During the Civil War Samuel T. Griffith enlisted in the Confederate service, in which he remained until the close of hostilities. Being captured by the Union troops, he was held as a prisoner of war in Alton, Illinois, for eight months, and for a year at Delaware Bay. He had been engaged in the occupation of mining and had his capital invested in mines at Granby, but lost all his property during the war. When the trouble between the two sections of the country was over he came to Texas, where his son H.H. had preceded him, and settled in Fannin County, where his death occurred in 1870.

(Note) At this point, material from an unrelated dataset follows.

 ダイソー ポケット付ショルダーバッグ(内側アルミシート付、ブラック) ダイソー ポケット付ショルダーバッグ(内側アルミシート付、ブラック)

Hardin Griffith, of this sketch, enjoyed good educational privileges in his early youth, but after the war had no advantages in that direction. At the age of seventeen he left home, and since that time has been dependent entirely upon his own labors, so that whatever success he has achieved is due entirely to his energy and good management. On leaving home he engaged in herding cattle, and for fifteen years he was a participant of camp life. His associates were the worst element of the frontier, made up of cowboys, buffalo-hunters and manydesperate characters, but his career was an exception to the rule that evil communications corrupt good manners. His self-respect was always dear to him, and he demonstrated the fact that a man can be a true and honorable gentleman in any surroundings. He would never use tobacco or liquor in any form, and though his companions were men who often scoffed at virtues, they respected him for his strict adherence to what he believed to be right, and any man among them would- have stood up against a multitude for Hardin Griffith. During all these years Granbury was his headquarters, but his operations extended over a number of the western frontier counties.

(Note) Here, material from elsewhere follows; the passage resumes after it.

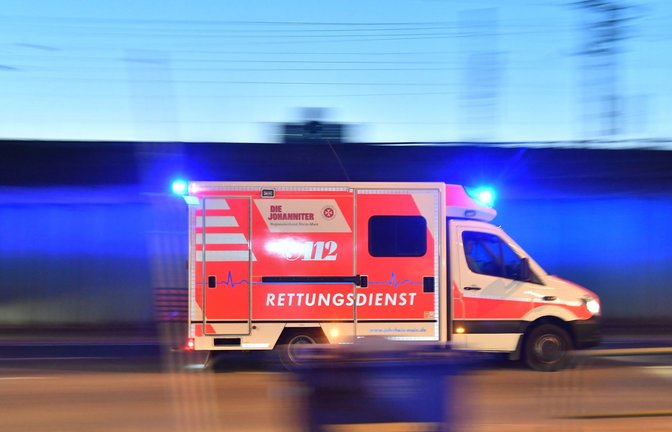 Der Rettungsdienst brachte die Verletzten in ein Krankenhaus. (Symbolbild)<span class='image-autor'>Foto: dpa/Boris Roessler</span>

In 1885 Mr. Griffith secured a clerkship in a hardware store in Granbury, his employers being Baker & Smith. He served in that capacity for five years, and on the expiration of that period he came to the farm where he now lives and which has since been his home. He had previously purchased the property, but the land was entirely destitute of improvements. He has developed fifty acres of his farm, which comprises three hundred and five acres, and the tract is now highly cultivated. In addition to general farming he is also extensively and successfully engaged in stock raising, and now has a number of fine thoroughbred Jersey cattle upon his farm.

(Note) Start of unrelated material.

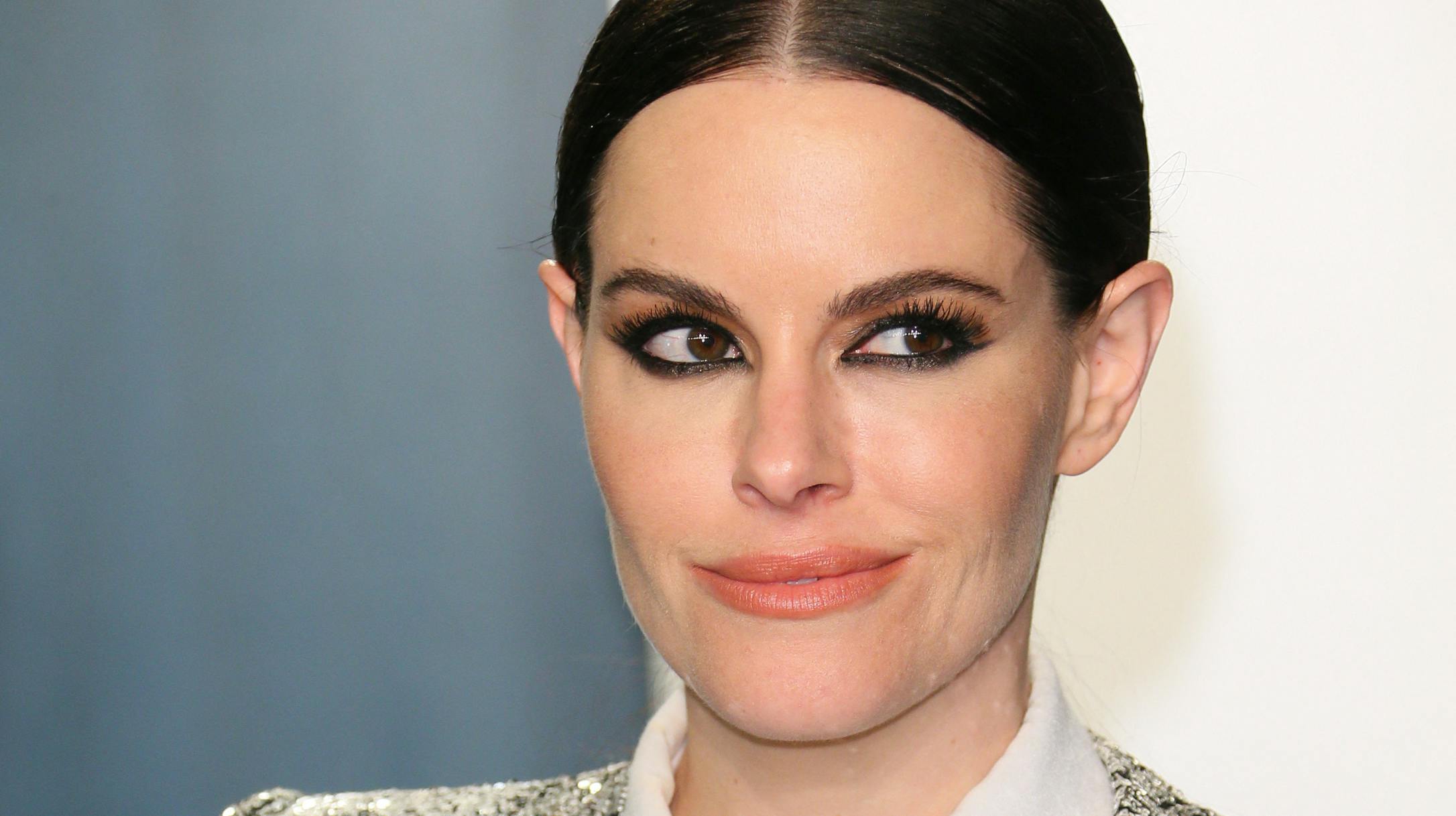 Emily Hampshire, 42, har været nødt til at undskylde for sit kostume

On the 25th of September 1889, was celebrated the marriage of Mr. Griffith and Miss Maggie Blair, daughter of Samuel and Susan Blair. The lady was born in Batesville, Arkansas, while her parents were natives of Tennessee, the former of Irish and the latter of Scotch descent. Mr. and Mrs. Griffith have lost two children, but now have a bright little boy, Guy, born April 29, 1893.
Our subject exercises his right of franchise in support of the men and measures of the Republican party at national elections, but at local elections, where no national issue is involved, he supports the candidate that he thinks best qualified for office, regardless of party connections. Both he and his wife occupy a high position in social circles where true worth and intelligence are received as the passports into good society. Fond of reading, they keep well informed on the questions of the day and on all current literature, and their views on all questions indicate well-stored minds. They are liberal in their religious views, and are deeply interested in all that pertains to the moral upbuilding of the community, and their lives, honorable and conscientious in all things, commend them to the high regard and confidence of their many friends.
History of Texas, 1896, Chicago: The Lewis Publishing Co.